When many people hear “wealth management,” they think of elite advisors meeting old money clients at the country club, or decades-old firms with big names such as Fidelity or Schwab. But in the years ahead, one Silicon Valley startup is aiming to shake up that establishment — and just has raised a nice chunk of new funding to help.

Personal Capital, the online-oriented personal wealth management platform company, has taken on $25 million in a new round of funding led by Crosslink Capital with the participation of asset management giant BlackRock and previous investors Institutional Venture Partners (IVP) and Venrock. The round, which serves as Personal Capital’s Series C, brings the total amount invested in the nearly four year old company to $52.3 million.

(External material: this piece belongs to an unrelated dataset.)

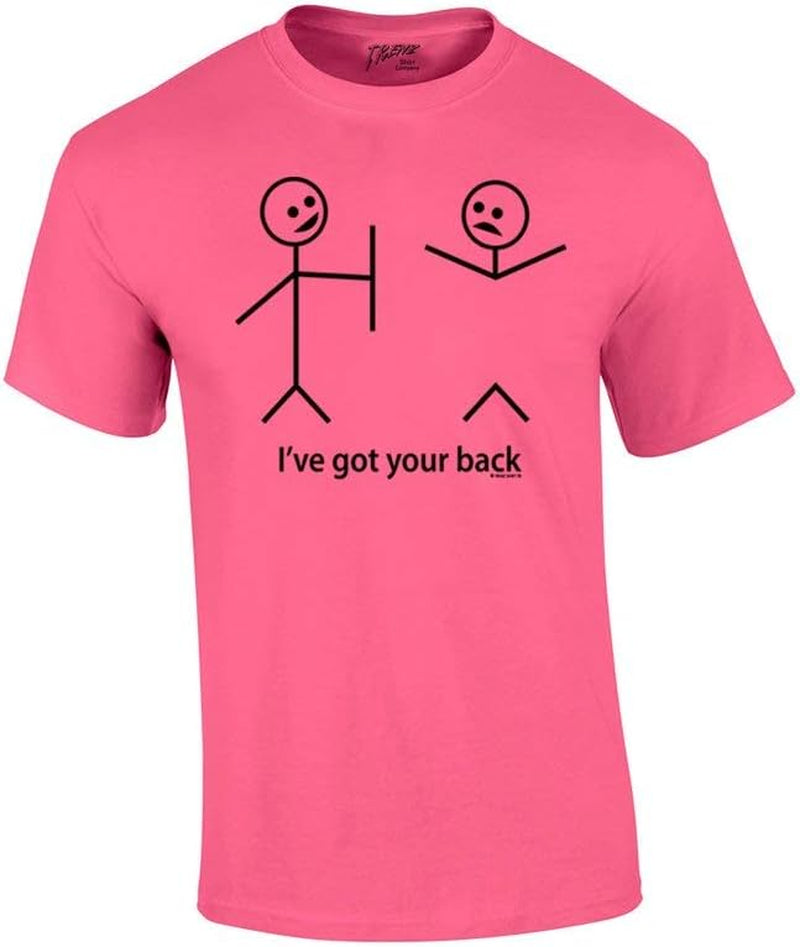 Humorous Short Sleeve T-Shirt Featuring Stick Figures and Witty Phrases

In an interview this week, Personal Capital’s CEO Bill Harris, whose history in the financial software space includes time as CEO of both Intuit and PayPal, said that the funding comes after some solid growth on both sides of Personal Capital’s business. The online side, which provides free asset management tools through the web, currently has more than 200,000 users with in excess of $20 billion assets being tracked on the platform. The financial advisory services side, which charge a commission and are provided on the phone or via email through Personal Capital’s team of full-time advisors, currently reaches more than 700 clients with nearly $200 million being managed.

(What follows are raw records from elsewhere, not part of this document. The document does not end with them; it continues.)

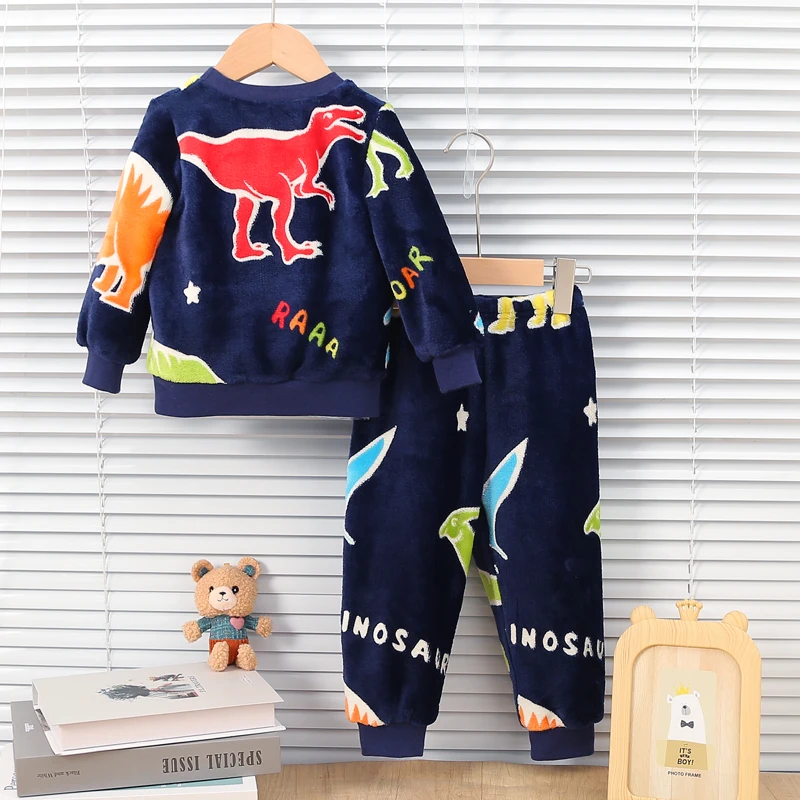 Baby Boys Autumn/Winter Plush Night Fluorescent Home Fur Baby Warm Pajama Set Fashionable and Comfortable Child Accessories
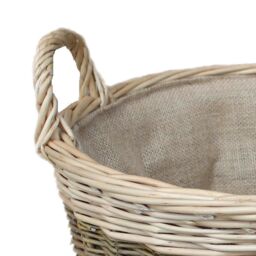 Red Hamper Wicker Unpeeled Hessian Lined Log Basket in Brown - thumbnail 2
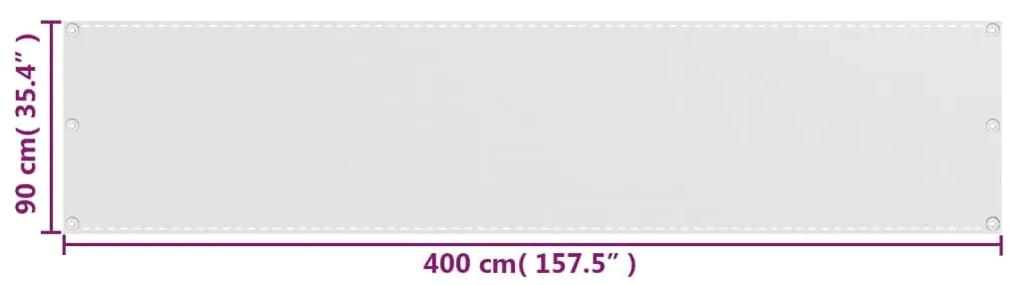 Tela varanda HDPE 90x400 cm branco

Those numbers are encouraging for an upstart player in a space like wealth management. But Harris says he sees the opportunity in front of Personal Capital as much, much bigger. He said:

“This is the largest market I’ve ever encountered. Individually managed investable assets is a $32 trillion dollar market in the United States… that’s twice the GDP of the entire country. And nobody is dominating it. Even the biggest guys in the space — Fidelity, Schwab — they all have low single digit shares of the market.

What we’re building, consumer technology with customer-centric and holistic advice, I think this represents where the industry will go over next 10 to 15 years.”

In that same vein, when asked about whether Personal Capital has courted M&A offers along the way from bigger tech or finance firms, Harris says he’s focused on staying independent for the time being. “A lot of companies in Silicon Valley are not companies, they’re products. And once they’ve demonstrated the abilities of that product it’s time to be acquired,” he said. “I believe that the service we’re offering is broad and deep enough and the market we’re selling into is large enough that we have the opportunity to be a true company rather than just a product.”

In the near-term, the funding will also be put toward growing Personal Capital’s staff, which currently consists of some 70 full-time employees. The company is also set to open its first new satellite office outside of the San Francisco Bay Area, in Denver.

Overall, though, Harris said the plan is to stay the course. “We have built the personal advisory piece and technology piece, and proven the economics of acquiring users and converting them to clients. At this point we have a formula which is working. The most important thing for us for the next year is to rinse and repeat.”